Author's Note: I wrote this shortly after "Medium-Sized Heaven," because I was curious to see how Gracia would handle the years after Maes's death. And somehow, I could just hear her voice say, "It's the little things I miss most." This is one of my favorite pieces so far, despite how short it is.
It's the little things I miss most.
Of course, I miss the big things too. I miss having a constant companion, a best friend for life. I miss the swelling feeling in my heart that some people call love and he called radiance. There's a great, empty void inside me where he used to be, and I miss him – terribly.
Still, what brings tears to my eyes most often are the little things, the mundane, everyday things you wouldn't think would matter that much. But they do.
When I reach into the cupboard to set the table for dinner, I automatically pull out three plates. I sometimes set three places at the table, right down to the napkins and dessert forks, and then I look at his usual seat. And I remember. Oh, how well I remember! It brings tears to my eyes when I have to pick up the dishes and put them away again, as though I'm packing him away forever as well.
I miss doing his laundry. I miss the crumpled shirts, the socks that always managed to get inside-out somehow. I miss ironing his uniform, and I miss the pungent odor of his shoe polish in the hallway. I miss the shaving cream, and I miss the puddles he would leave on the bathroom floor after a shower. I miss having to mop them up.

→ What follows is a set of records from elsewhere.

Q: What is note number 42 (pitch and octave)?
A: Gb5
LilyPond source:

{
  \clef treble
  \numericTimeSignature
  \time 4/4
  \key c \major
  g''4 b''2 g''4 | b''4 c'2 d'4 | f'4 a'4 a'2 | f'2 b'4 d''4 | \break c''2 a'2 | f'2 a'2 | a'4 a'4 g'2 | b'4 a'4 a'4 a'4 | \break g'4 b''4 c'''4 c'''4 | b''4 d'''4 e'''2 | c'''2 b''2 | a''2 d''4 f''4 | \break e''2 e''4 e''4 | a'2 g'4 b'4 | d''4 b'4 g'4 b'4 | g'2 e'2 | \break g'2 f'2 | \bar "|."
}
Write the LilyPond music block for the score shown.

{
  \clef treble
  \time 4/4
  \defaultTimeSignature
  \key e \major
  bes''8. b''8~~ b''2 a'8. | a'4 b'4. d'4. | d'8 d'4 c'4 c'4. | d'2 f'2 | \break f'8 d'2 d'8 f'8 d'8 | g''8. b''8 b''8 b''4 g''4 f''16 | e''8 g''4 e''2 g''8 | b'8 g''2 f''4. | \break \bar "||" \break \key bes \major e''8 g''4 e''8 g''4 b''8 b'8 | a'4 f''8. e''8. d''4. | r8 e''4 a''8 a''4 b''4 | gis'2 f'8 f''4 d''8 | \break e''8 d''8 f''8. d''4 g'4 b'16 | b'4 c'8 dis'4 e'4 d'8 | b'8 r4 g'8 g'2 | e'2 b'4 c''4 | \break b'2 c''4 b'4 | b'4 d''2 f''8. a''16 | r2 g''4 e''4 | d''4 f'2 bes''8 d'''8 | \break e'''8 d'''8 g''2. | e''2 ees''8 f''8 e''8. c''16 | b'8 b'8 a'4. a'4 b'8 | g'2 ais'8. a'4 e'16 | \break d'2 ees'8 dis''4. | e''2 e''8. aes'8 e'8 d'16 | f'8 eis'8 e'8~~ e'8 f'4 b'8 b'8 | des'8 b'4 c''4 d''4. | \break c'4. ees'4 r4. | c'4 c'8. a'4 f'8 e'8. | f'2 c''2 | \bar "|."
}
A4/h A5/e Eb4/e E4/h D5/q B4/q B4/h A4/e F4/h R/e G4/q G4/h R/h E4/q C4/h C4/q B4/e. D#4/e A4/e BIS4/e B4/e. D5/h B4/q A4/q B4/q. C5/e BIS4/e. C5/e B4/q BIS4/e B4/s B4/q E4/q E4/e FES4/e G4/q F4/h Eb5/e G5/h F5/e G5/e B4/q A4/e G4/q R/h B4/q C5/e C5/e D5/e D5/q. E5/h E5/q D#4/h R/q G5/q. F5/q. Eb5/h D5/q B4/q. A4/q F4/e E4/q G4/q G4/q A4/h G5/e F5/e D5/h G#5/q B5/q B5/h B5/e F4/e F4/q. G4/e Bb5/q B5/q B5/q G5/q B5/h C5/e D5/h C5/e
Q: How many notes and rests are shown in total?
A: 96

In that first month, I still kept to my side of the bed. But one morning, I woke up and happened to look across at the other side. It was made up, nice and neat, just as my mother had taught me. But when I saw it, I burst into tears and hastily messed up the sheets. Now I never make the bed, and some nights I sleep on the other side to make an imprint in the other pillow. It's like the games of pretend Elysia plays with herself, but it's the best I can do.

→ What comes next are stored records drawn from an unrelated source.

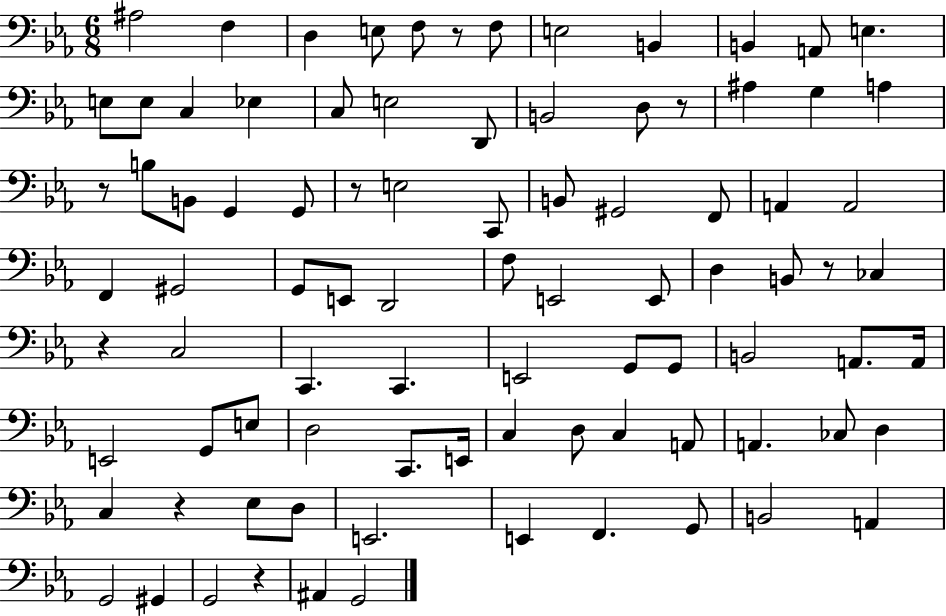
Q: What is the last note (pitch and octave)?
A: G2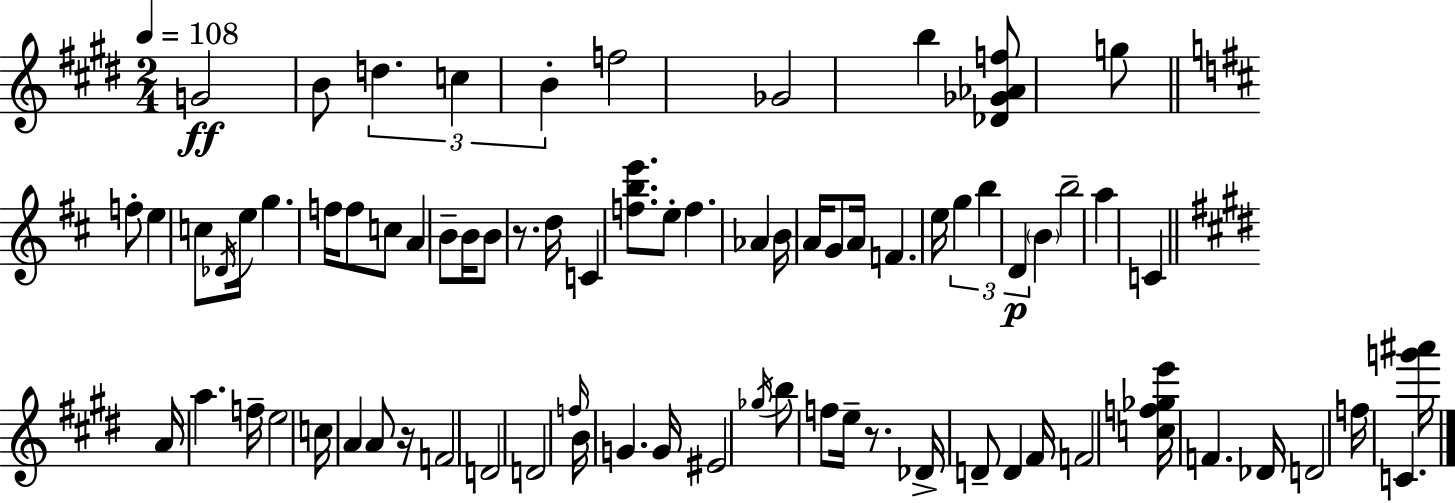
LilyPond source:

{
  \clef treble
  \numericTimeSignature
  \time 2/4
  \key e \major
  \tempo 4 = 108
  g'2\ff | b'8 \tuplet 3/2 { d''4. | c''4 b'4-. } | f''2 | \break ges'2 | b''4 <des' ges' aes' f''>8 g''8 | \bar "||" \break \key b \minor f''8-. e''4 c''8 | \acciaccatura { des'16 } e''16 g''4. | f''16 f''8 c''8 a'4 | b'8-- b'16 b'8 r8. | \break d''16 c'4 <f'' b'' e'''>8. | e''8-. f''4. | aes'4 b'16 a'16 g'8 | a'16 f'4. | \break e''16 \tuplet 3/2 { g''4 b''4 | d'4\p } \parenthesize b'4 | b''2-- | a''4 c'4 | \break \bar "||" \break \key e \major a'16 a''4. f''16-- | e''2 | c''16 a'4 a'8 r16 | f'2 | \break d'2 | d'2 | \grace { f''16 } b'16 g'4. | g'16 eis'2 | \break \acciaccatura { ges''16 } b''8 f''8 e''16-- r8. | des'16-> d'8-- d'4 | fis'16 f'2 | <c'' f'' ges'' e'''>16 f'4. | \break des'16 d'2 | f''16 c'4. | <g''' ais'''>16 \bar "|."
}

When I came to see his body, lying so still and cold in the coffin, they asked me if I wanted his ring. They were surprised when I refused, but our rings connect us, and I wouldn't want that connection broken. Not now, not when we can't make that connection again. So I asked them to keep the ring on his finger, but I did ask for his glasses. They looked at me strangely again, but complied. I know glasses might seem like a strange memento, but to me they symbolize my husband more than anything else.
They're rimless glasses with rectangular lenses, a little bent from when he fell to the ground on his last night. They sit on my bedside table now, next to the framed picture of our little family. Sometimes I'll pick them up and perch them on my own nose, remembering the day he first got glasses. We were ten, and everyone teased him, calling him 'Four-Eyes' and such. It got so bad that he ran off crying that afternoon. I followed him, though he told me to 'buzz off' and 'mind your own beeswax.' But I told him I liked the glasses, that they made him look smart, and that seemed to cheer him up again. He made me try on the glasses as well, and it became something of a tradition for me to try them on as well whenever he got new glasses – which was quite often; he loved sports.
I miss the little things he'd do for me: the times he would call from work, the times he'd get a babysitter for Elysia so we could have time alone together, the times he held me when I cried.
When I was fourteen, I cried a lot. Almost every day, on a bad week. Every time he came across me when I was crying, he would put his hand on my shoulder and ask softly, "What is it?" Back then, it was usually that I didn't understand my math homework, or that I hadn't been invited to a slumber party. And he always came up with a solution that wiped away my tears – he would help me with my homework, or tell me a funny story that made me forget my woes.
Things didn't change much even after we were married. If he came across me as I was crying, he would always put his arm around me and ask, "What is it?" And he was always able to make my tears go away – with a kiss, a funny story, or a promise. He made sure that there weren't many times he found me crying. Now, whenever I find myself crying, I long for him to wrap his arms around me again and ask in that special way of his, "What is it?" But he doesn't, and I'm alone. He never made me cry in life, so I suppose it's to be expected that his death would make me cry.
I think it's the little things that make up a man such as my husband. When his friends think of him, they probably remember his humor, his photos, or his stubborn loyalty. But when I think of him, I remember puddles, glasses, and rolled-up socks. That is my darling. That is my Maes Hughes.